All of which leaves but the central banks as a sort of last resort because the worse it gets the more new “stimulus” hope apparently matters. It’s an idea and correlation that makes absolutely no sense, but it is prevalent:
“While headline growth looks fine, the breakdown of the figures points to overall weakness in the economy,” said Zhou Hao, senior emerging markets economist for Asia at Commerzbank Singapore.
“All in all, we believe that China will experience a ‘bumpy landing’ in the coming year,” he said.
There was relief in the markets, however, that growth at least matched forecasts, and a growing expectation that more monetary easing measures were imminent, possibly before Lunar New Year holidays in early February.
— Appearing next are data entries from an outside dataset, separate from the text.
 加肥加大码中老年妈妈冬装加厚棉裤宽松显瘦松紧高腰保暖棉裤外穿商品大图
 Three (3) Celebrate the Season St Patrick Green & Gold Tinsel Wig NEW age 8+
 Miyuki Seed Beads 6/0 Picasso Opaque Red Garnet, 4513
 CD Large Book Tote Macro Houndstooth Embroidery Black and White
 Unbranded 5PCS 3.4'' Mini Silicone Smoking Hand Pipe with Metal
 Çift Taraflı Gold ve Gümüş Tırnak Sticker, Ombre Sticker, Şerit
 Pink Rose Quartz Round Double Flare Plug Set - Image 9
The PBOC started its supposed rate cuts in November 2014, six of them so far to now, to no prevailing effect. Yet, more “stimulus” will suddenly make the difference? What has changed about “stimulus” in 2016 that will make it potent (after much damage, mind you) where all prior versions were not? The only way that sentiment makes any sense is if you simply wipe the slate clean after each monetary program fails to have any effect; starting over in expectations each time, forgetting or ignoring that there were any others. The world doesn’t work that way, but apparently enough people think it does so that they are continually surprised by these results.
In addition, the PBOC has written an unknown number of swaps and forwards in exchange markets, stamped out all volatility (maybe redundant) in CNY exchange for five months during 2015, rigged SHIBOR since September, required increasingly stringent “capital” flow mitigations, including the imposition of a dollar reserve on Chinese banks, tasked China’s banks to seriously blunt “speculators” offshore, all while dramatically adding to internal reverse repos and yuan liquidity offsets. Such “stimulus” has also produced nothing of the intended results, yielding only increasing disruption (economically as well as financially) and disorder. From an unbiased perspective, one that doesn’t just assume automatically that monetary “stimulus” is that, it might seem the correlation is at best slightly negative (the more the PBOC does, the worse it gets) for “stimulus.”
After four years of all that in enlarging doses, you might also get the sense that China’s problems are, indeed, intractable; bigger than China, and much more than the PBOC can ever truly handle. That point is all the more compelling after noting that this persistent downward trend in retail sales and industry together emerged after enormous, even biblical, “stimulus” that raged during and after the Great Recession. It, too, failed to stimulate except in the most fleeting and long-term destructive of fashions. In short, China’s downtrend now is the product of past stimulus failing, leaving any new “stimulus” as exclusively an attempt to try managing the decay.
The reason none of it works is enlighteningly simple – the global economy never recovered and increasingly it is being realized that it never will. The global economy that built China over the past few decades was in many ways a monetary illusion of the eurodollar system. That system became inoperable in August 2007 and apart from the short burst of hope in late 2009/early 2010 it has largely remained that way. That has had the effect of locking the global economy on a slow, at first, downward spiral toward achieving an inevitable systemic reset. It is in that context that “stimulus”, monetary or fiscal, is fully appreciated for what it truly is. There aren’t any surprises here except the increasingly distressed methods of coping and denial.